26. A method for sequencing, comprising:

contacting a single-stranded DNA substrate comprising a genomic DNA fragment with a double-stranded DNA deaminase to produce a deamination product;

sequencing the deamination product, or amplifying the deamination product to produce amplification products and sequencing the amplification products, in each case, to produce sequence reads,

wherein the double-stranded DNA deaminase is an enzyme of claim 22.

27. A kit comprising:

(a) an enzyme of claim 22; and

(b) a reaction buffer.

28. The kit of claim 27, wherein the kit further comprises:

a TET methylcytosine dioxygenase and a DNA beta-glucosyltransferase; or

a TET methylcytosine dioxygenase and no DNA beta-glucosyltransferase

29. The kit of claim 27, wherein the kit is free of TET methylcytosine dioxygenase and DNA beta-glucosyltransferase.
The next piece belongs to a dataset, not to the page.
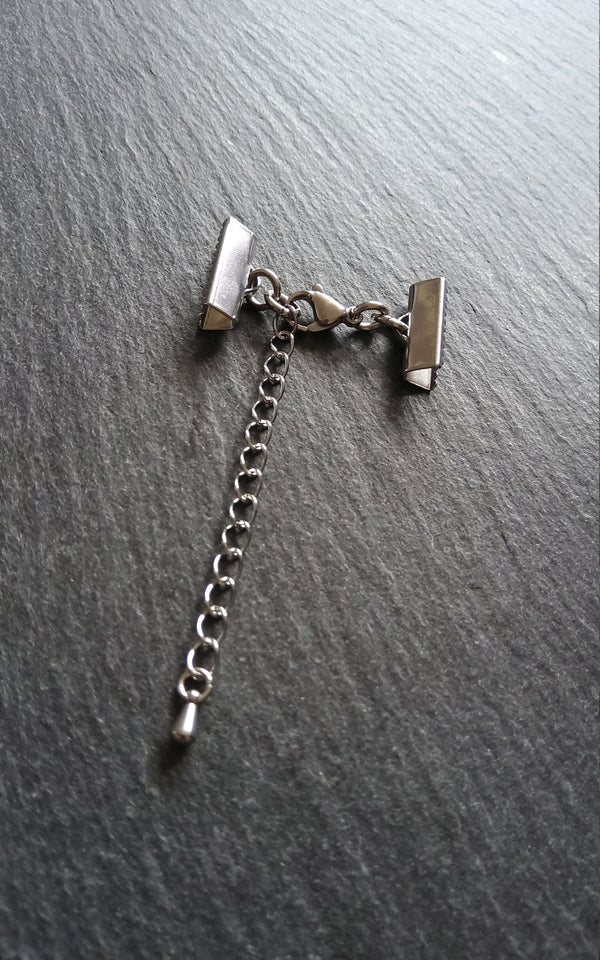 4 or 20 Stainless Steel Crimp End Sets for 16mm (5/8 inch) Wide Chokers With Extender Chain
30. A reaction mix comprising:

(a) a DNA substrate that comprises cytosines; and

(b) a double-stranded DNA deaminase having an amino acid sequence that is at least 80% identical to any of SEQ ID NOS: 21, 40, 47, 49, 50, 55, 58, 59, 62, 63, 65, 67, 70, 71, 76, 106, 107, 110, 112, 114, 117, 163 and 164.

31. The reaction mix of claim 30, wherein the DNA substrate comprises cytosines and at least one modified cytosine.
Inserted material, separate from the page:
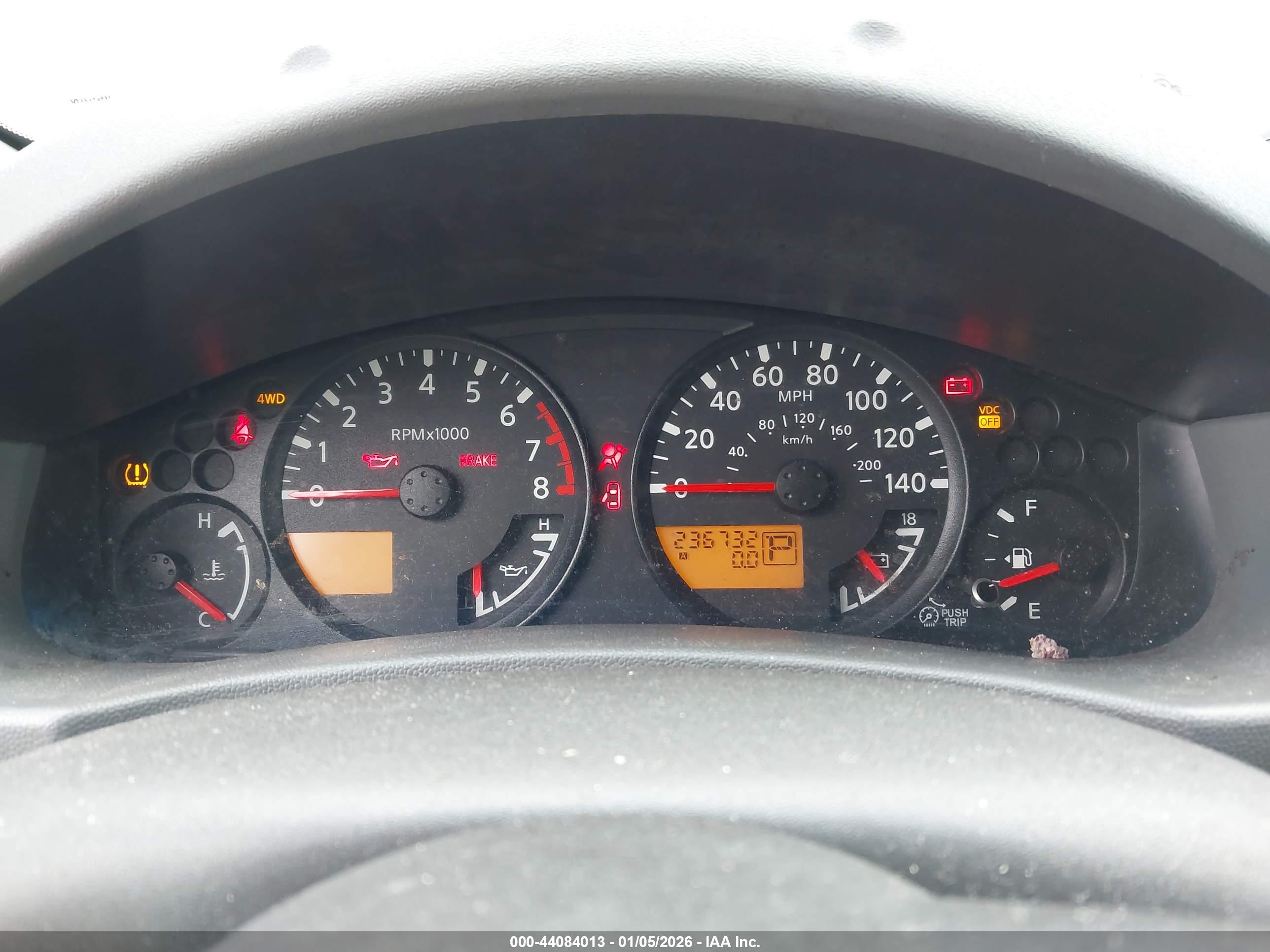 NISSAN XTERRA image 7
32. The reaction mix of claim 31, wherein the modified cytosine is a 5fC, 5caC, 5mC, 5hmC, N4mC or pyrrolo-C.

33. A method for base editing comprising:

contacting a fusion protein with a target sequence to produce an edited target sequence

comprising at least one deaminated cytosine or deaminated modified cytosine, wherein the fusion protein comprises a dsDNA deaminase fused to a DNA binding domain.
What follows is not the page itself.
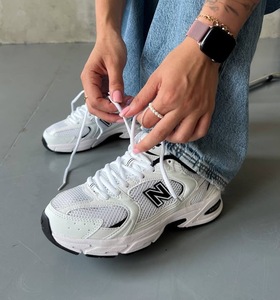 New Balance 530 White black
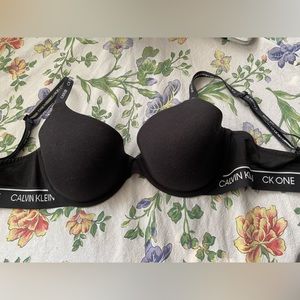 CALVIN KLEIN 🫦 ck one bra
34. The method of claim 33, wherein the DNA binding domain is selected from a Cas9 domain, a Cas12 domain, a transcription activator-like effector nuclease (TALEN domain), a zinc finger (ZF) domain, a transcription activator-like effector (TALE) domain, and a methyl binding domain (MBD) domain.

35. The method of claim 34, wherein the fusion protein further comprises a guide RNA complementary to at least a portion of the targeted sequence.

36. The method of claim 33 wherein the fusion protein comprises an enzyme at is at least 80% identical to any of SEQ ID NOS:1-152.